Die anderen Klavierbauer zu beschreiben, fällt schwer. Ich habe lange in der IT-Branche geabeitet, speziell im Umfeld von Security, Open source und Linux-Kernelentwicklung. Die Jungs aus Massachusetts kann einfach nur als Hacker bezeichnen, und zwar im positivsten Sinne. Kreativer Einsatz von Technik, gepaart mit unfaßbarer Geduld und Akribie und im Fall des Klavierbaus die ganz klare Maxime: Soviel original wie möglich.
Ich habe gesehen, wie sie ohne mechanische Hilfsmittel die Rippen vom Resonanzboden eines Mason&Hamlin Konzertflügels rückstandslos gelöst haben, mit Wasserdampf. Ich habe gesehen, wie sie den Resonanzboden eines Centennials aufgearbeitet haben und was der für einen unglaublichen Bumms verbreitet hat, der ins Zwerchfell geht. Das einzig fertige Instrument war ein Chickering 7'' von der Jahrhundertwende - und das war schon ein wirklich schönes Instrument.

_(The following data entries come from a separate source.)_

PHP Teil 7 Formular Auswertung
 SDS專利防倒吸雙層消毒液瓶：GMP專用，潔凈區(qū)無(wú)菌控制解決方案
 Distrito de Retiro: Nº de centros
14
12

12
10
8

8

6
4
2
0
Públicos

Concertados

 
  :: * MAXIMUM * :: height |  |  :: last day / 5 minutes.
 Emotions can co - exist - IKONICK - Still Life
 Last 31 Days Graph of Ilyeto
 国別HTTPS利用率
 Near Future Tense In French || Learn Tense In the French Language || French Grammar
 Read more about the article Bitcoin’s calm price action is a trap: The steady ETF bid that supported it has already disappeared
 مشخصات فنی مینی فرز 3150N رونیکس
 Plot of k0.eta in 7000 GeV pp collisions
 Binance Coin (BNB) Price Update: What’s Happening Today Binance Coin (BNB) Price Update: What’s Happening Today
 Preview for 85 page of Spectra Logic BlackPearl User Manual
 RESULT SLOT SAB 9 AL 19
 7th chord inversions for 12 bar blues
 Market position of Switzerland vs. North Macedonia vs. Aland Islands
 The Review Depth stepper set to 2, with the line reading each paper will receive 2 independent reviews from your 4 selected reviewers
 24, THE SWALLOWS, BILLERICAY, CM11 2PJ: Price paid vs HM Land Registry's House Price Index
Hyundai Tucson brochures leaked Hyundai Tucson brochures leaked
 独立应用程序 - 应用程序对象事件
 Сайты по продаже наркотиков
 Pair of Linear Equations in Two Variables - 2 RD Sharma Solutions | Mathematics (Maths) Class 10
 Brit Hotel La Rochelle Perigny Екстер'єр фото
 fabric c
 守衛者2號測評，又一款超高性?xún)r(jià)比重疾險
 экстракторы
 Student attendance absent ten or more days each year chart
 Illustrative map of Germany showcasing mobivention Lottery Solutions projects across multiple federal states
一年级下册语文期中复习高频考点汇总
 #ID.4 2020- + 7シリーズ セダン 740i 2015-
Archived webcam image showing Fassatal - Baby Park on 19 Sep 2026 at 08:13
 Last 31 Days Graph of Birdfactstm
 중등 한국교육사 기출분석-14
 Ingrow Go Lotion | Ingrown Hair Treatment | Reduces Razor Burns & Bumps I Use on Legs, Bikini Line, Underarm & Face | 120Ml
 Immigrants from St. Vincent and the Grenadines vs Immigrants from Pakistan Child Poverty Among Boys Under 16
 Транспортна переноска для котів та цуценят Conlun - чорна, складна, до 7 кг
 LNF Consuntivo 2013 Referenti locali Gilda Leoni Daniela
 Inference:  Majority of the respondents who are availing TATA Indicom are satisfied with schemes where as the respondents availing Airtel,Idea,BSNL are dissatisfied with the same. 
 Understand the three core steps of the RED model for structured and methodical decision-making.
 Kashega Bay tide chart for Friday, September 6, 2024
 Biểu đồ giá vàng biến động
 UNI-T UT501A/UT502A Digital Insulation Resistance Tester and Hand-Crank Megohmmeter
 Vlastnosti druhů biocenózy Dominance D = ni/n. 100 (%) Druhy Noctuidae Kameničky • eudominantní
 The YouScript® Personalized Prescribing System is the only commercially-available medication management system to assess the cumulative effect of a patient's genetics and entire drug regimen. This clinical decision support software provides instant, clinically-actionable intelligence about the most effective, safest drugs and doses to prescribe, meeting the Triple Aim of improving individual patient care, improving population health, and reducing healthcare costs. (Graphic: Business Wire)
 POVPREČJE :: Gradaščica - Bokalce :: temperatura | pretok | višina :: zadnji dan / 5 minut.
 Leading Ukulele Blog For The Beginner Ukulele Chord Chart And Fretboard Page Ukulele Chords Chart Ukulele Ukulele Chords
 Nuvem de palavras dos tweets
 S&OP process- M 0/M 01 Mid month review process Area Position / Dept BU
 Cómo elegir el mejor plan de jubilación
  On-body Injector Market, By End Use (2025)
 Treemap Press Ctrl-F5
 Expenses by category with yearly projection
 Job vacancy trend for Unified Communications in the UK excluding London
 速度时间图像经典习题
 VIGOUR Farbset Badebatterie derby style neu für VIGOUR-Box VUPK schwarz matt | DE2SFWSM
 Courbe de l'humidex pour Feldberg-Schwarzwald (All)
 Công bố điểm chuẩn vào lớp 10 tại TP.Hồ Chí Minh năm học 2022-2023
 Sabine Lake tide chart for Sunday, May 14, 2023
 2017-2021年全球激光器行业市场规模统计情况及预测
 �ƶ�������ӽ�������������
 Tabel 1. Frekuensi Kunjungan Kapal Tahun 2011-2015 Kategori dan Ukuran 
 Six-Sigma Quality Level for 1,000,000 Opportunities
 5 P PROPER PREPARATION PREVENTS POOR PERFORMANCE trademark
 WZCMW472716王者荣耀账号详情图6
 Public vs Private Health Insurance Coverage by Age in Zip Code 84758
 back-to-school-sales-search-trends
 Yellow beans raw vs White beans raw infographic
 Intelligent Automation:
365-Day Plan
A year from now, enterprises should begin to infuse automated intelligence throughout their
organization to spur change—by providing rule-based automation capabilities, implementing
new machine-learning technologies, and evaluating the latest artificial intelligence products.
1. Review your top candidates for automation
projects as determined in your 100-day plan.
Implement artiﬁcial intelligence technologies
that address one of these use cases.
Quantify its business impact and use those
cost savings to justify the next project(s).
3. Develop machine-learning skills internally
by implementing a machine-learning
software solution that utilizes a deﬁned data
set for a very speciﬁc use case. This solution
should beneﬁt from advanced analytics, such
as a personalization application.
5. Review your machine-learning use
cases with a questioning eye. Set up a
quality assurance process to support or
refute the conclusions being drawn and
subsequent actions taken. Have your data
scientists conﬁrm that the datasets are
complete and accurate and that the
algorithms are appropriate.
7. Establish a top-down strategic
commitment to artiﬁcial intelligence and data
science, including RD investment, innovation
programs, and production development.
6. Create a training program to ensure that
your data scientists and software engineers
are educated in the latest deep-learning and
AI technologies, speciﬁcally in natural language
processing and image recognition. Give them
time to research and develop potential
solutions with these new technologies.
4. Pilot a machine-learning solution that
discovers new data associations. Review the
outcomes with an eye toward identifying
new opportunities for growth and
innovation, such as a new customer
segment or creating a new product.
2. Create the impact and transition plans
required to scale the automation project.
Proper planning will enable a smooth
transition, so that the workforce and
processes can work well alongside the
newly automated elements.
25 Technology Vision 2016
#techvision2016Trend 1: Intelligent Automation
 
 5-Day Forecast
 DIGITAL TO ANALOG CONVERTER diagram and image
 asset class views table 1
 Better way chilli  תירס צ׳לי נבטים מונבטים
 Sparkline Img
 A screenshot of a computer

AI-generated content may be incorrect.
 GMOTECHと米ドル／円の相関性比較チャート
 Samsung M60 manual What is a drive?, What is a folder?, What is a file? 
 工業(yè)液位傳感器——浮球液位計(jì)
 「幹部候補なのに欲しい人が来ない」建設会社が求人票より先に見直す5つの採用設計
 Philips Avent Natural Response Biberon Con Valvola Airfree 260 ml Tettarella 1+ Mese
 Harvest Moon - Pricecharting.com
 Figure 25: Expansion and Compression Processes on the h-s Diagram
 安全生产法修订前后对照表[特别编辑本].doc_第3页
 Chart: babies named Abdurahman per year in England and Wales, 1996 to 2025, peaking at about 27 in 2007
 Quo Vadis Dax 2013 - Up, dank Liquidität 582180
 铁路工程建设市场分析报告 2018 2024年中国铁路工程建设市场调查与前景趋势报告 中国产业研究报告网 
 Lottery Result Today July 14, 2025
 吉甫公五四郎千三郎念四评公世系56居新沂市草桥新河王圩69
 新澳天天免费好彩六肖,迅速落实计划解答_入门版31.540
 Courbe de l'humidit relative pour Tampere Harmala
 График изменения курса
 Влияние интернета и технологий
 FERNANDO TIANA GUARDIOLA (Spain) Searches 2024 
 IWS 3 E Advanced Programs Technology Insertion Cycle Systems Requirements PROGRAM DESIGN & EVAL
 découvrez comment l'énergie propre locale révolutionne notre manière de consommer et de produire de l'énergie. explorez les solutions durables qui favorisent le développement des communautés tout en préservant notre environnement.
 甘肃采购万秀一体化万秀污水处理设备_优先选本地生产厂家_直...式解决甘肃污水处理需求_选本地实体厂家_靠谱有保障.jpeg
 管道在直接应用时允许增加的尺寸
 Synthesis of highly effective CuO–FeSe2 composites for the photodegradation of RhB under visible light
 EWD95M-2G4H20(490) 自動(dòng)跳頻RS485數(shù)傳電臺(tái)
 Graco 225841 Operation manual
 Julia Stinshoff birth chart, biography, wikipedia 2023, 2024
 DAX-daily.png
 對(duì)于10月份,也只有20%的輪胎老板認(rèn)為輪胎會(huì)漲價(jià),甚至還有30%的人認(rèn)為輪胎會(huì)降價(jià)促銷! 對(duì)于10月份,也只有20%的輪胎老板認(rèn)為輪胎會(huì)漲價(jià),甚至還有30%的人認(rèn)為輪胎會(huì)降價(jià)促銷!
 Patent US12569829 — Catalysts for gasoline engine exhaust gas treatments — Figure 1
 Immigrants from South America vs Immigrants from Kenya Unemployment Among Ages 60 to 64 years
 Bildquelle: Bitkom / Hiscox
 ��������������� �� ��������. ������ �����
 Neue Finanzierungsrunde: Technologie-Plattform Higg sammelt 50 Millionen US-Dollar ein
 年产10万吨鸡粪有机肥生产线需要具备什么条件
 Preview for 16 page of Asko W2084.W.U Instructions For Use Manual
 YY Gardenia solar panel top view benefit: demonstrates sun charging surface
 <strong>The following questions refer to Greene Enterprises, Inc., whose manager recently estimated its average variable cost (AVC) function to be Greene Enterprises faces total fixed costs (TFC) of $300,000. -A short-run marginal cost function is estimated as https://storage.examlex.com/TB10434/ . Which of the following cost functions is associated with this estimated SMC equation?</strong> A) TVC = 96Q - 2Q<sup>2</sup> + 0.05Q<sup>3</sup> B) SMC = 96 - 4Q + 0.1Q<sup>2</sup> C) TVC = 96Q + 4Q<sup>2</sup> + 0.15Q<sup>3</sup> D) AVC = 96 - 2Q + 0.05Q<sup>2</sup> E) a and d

Und die Jungs haben mir verschmitzt eine Lösung genannt, die mich baff gemacht hat:
Super Glue (Sekundenkleber, Cyanacrylat)
Laut ihren Erfahrungen ist das deutlich besser als Epoxy, weil Cyanacrylat in die letzte Pore der Oberfläche des Holzes einzieht und gleichzeitig die benötigte Festigkeit der Klebeigenschaften am Metall des Stegstiftes bietet. Caveat: Der Stegstift sitzt danach so fest, dass er nicht mehr ohne Gewalt gelöst werden kann und damit potentiell neue Schäden entstehen. Nur kann ich mir nicht vorstellen, warum ich jemals noch einmal diesen Stegstift lösen wollen würde.
Ich hatte jetzt fast eine Woche Zeit, darüber nachzudenken, und mir ist nichts eingefallen, was dagegen spricht. Ich werde das natürlich mit dem Meister diskutieren, bzw. seinem Adlatus, der nächste Woche kommt, um dem Flügel die Letzte Öl^WStimmung und Intonation zu geben.
Trotzdem: Es interessiert mich sehr, ob jemand schon mal mit Cyanacrylat etwas Vergleichbares gemacht hat und von den Erfahrungen berichten kann. Im Moment trägt es für mich die Verheißung der Quadratur des Kreises in sich.